(Material for this exercise Opens)
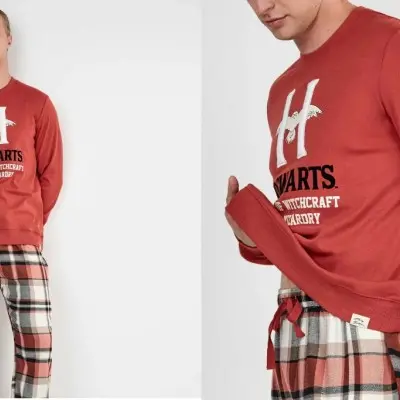 Pijama fino manga comprida...
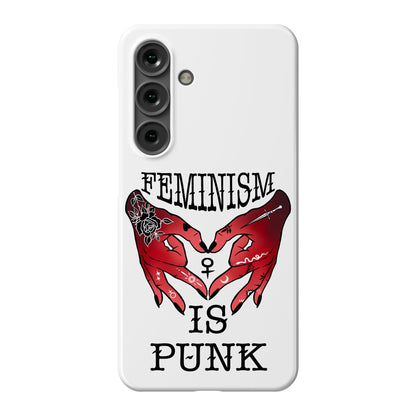 Feminism Is Punk Phone Case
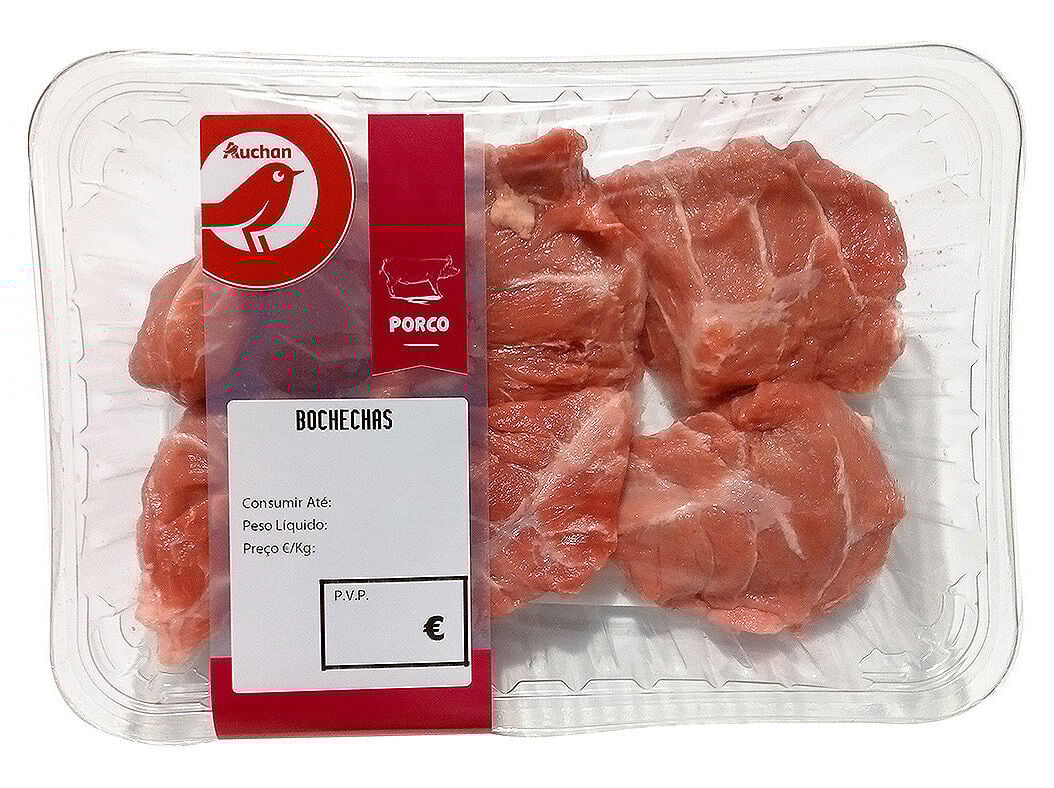 BOCHECHAS DE PORCO AUCHAN KG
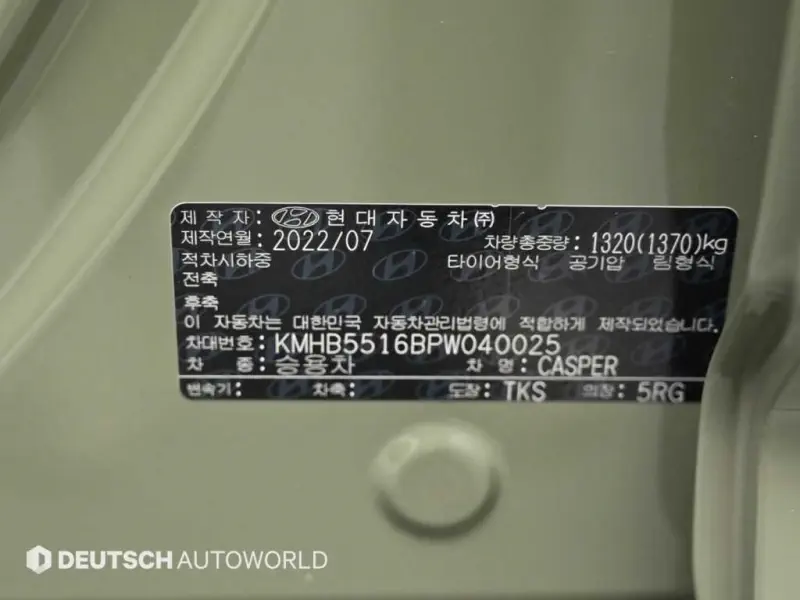 Hyundai Casper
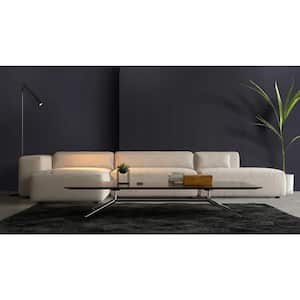 Council Black 11.81 in. x 23.62 in. Matte Porcelain Floor and Wall Tile (13.566 sq. ft./Case)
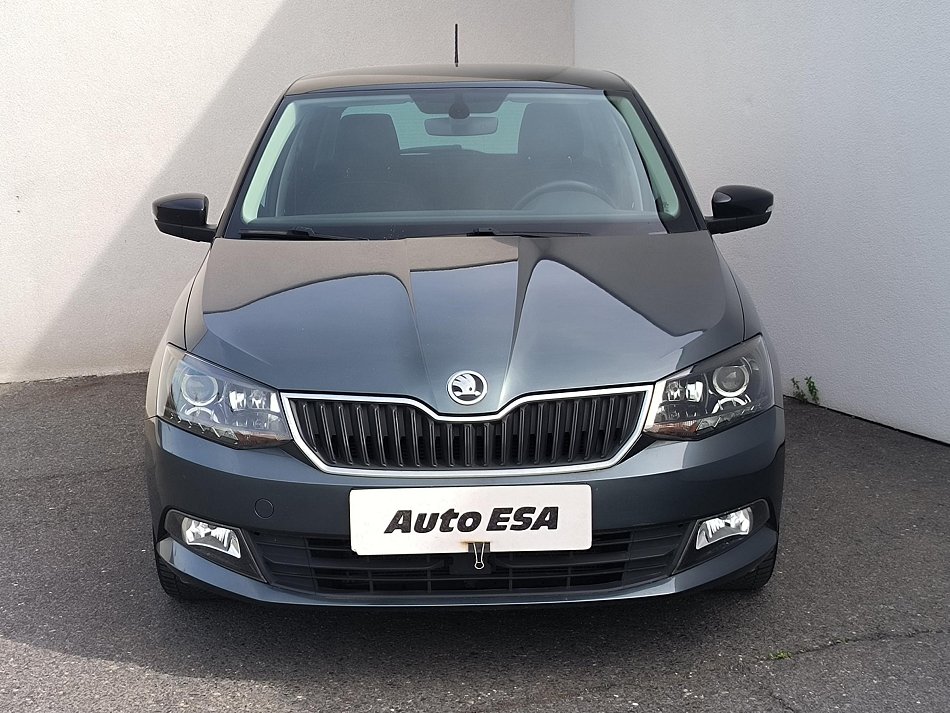 Škoda Fabia III 1.0TSi Clever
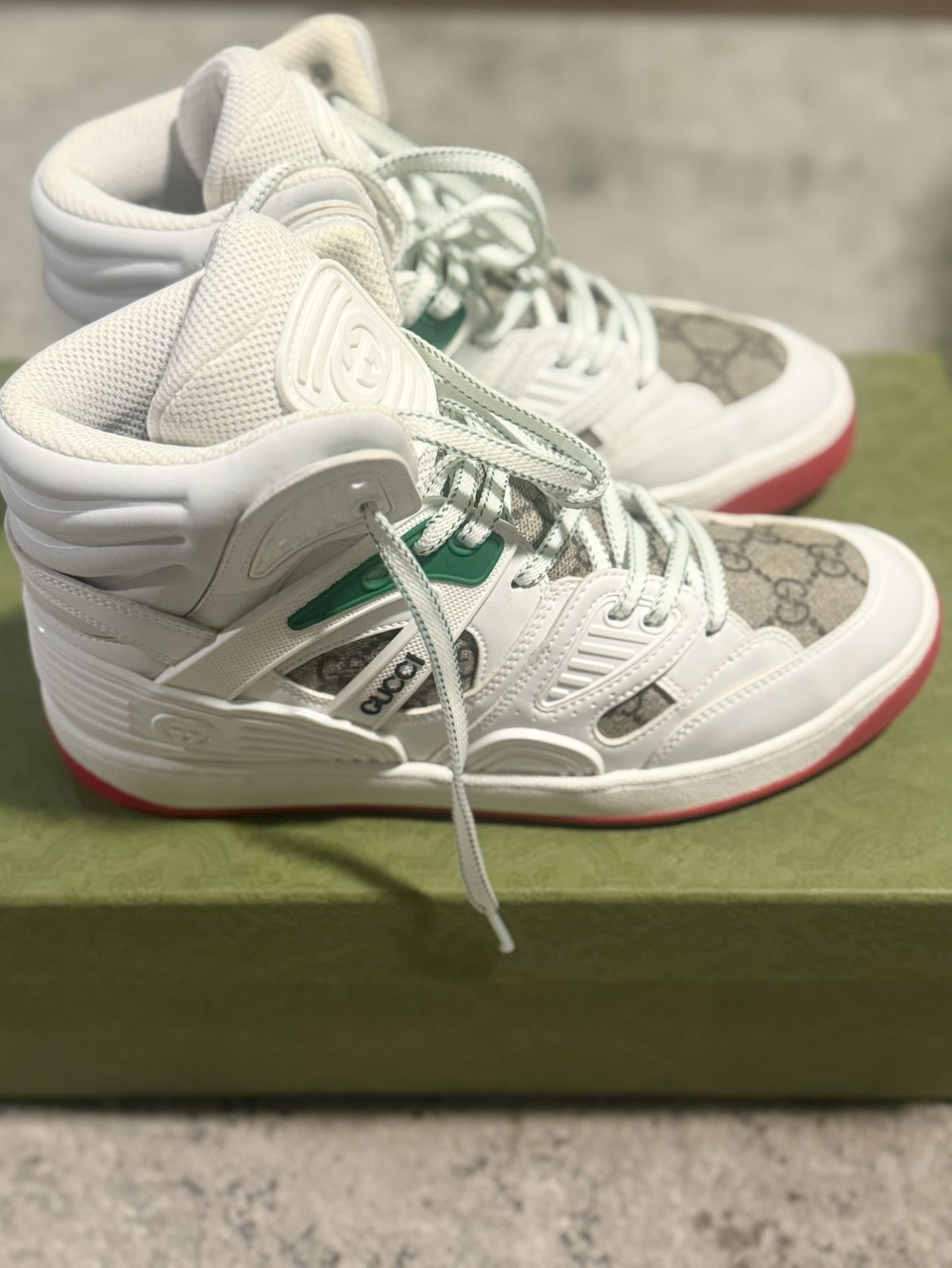 Gucci Basket High Top Sneaker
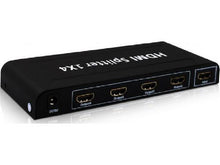 Cargar imagen en el visor de la galería, ADAPTADOR SPLITTER 4 puertos HDMI SWITCH 108P 3D
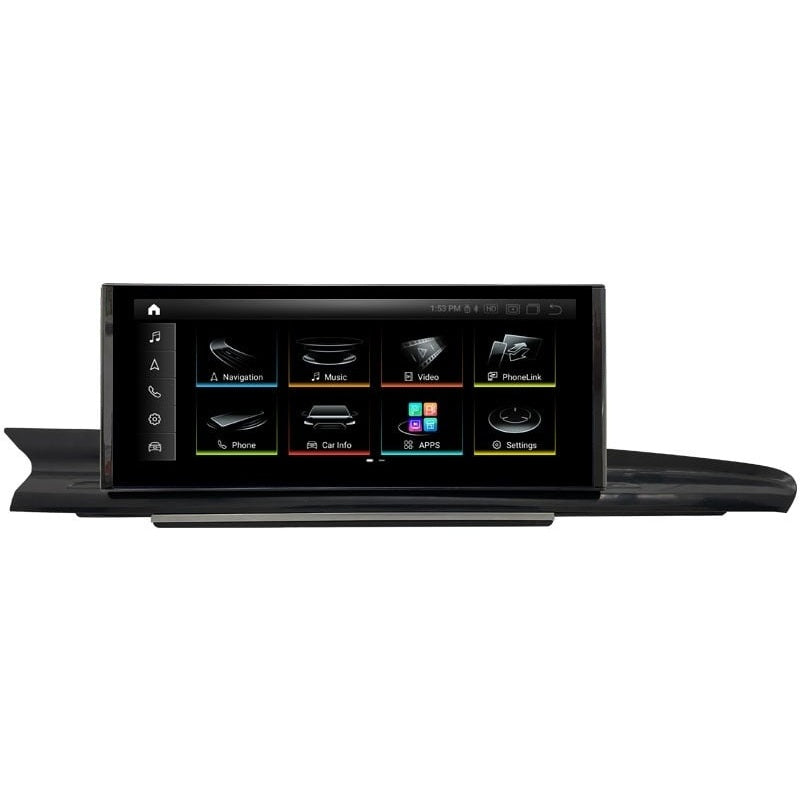 Navigatie Audi A6 C7 (2009-2018) Android, Ecran 12.5 inch, Carplay / Youtube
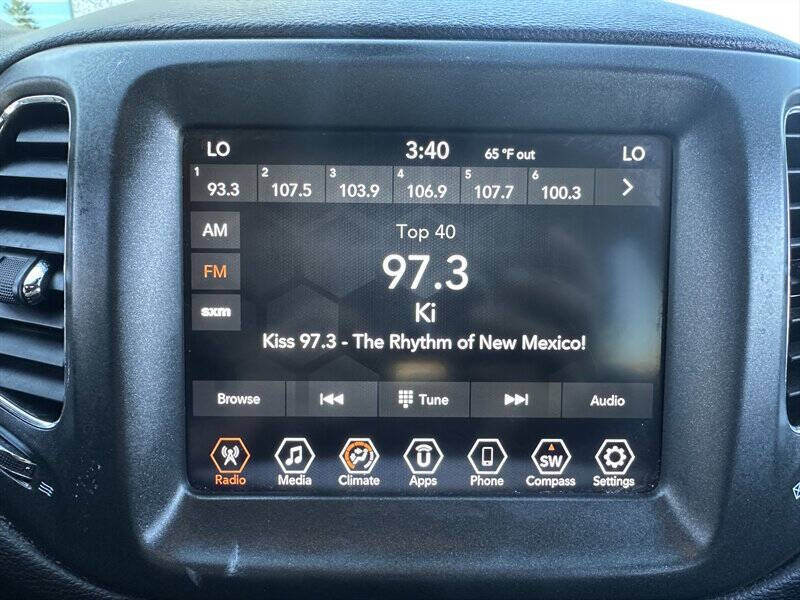 2020 Jeep Compass Trailhawk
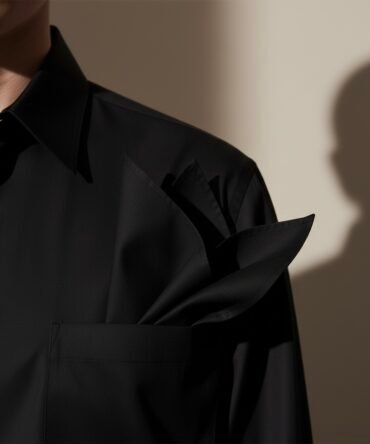 Black kerchief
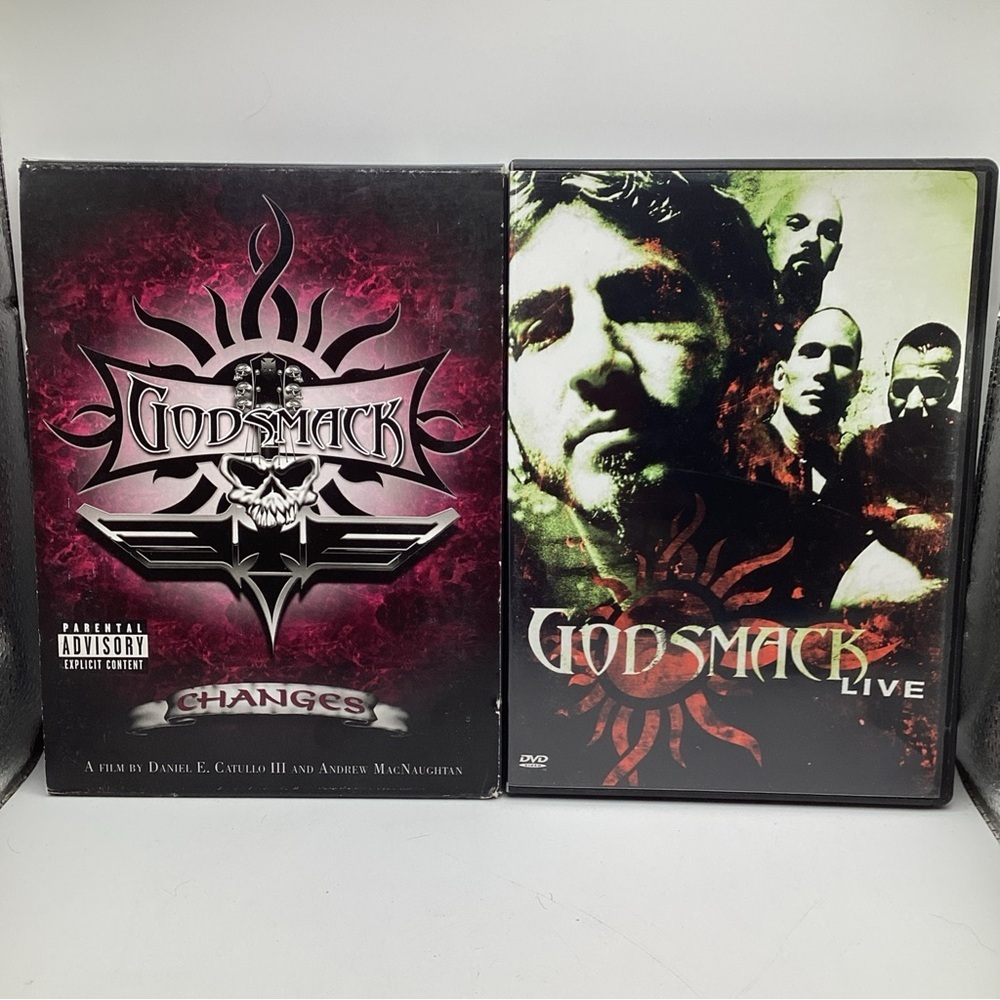 Godsmack DVD Lot Changes & Live
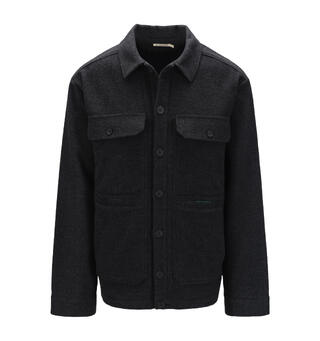 ReBorn Lumber jacket M's Dark Grey Melange XL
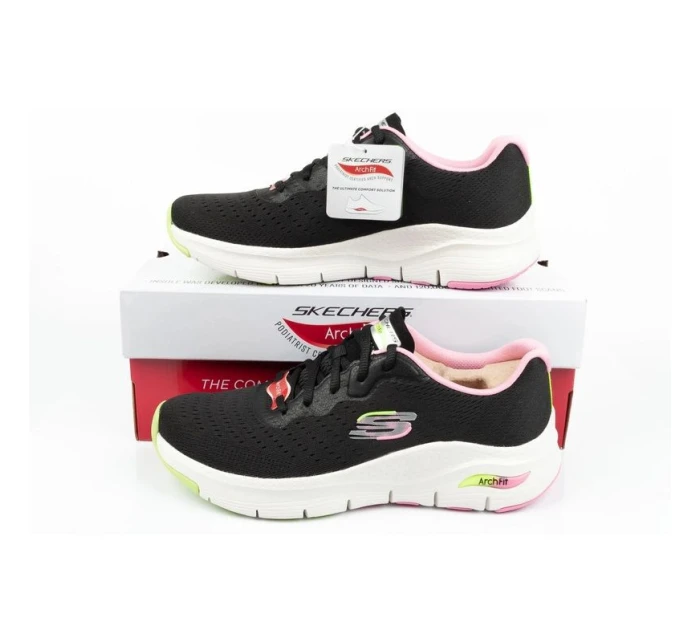 Boty Skechers Arch Fit W 149722/BKMT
(Material for this exercise Closes)
Your output should consist solely of the lines from the line containing "Cargar imagen en" through the last line of the entries, verbatim, minus any pictures.

Answer to the exercise:
 Cargar imagen en el visor de la galería, ADAPTADOR SPLITTER 4 puertos HDMI SWITCH 108P 3D
 Navigatie Audi A6 C7 (2009-2018) Android, Ecran 12.5 inch, Carplay / Youtube
 2020 Jeep Compass Trailhawk
 Black kerchief
 Godsmack DVD Lot Changes & Live
 ReBorn Lumber jacket M's Dark Grey Melange XL
 Boty Skechers Arch Fit W 149722/BKMT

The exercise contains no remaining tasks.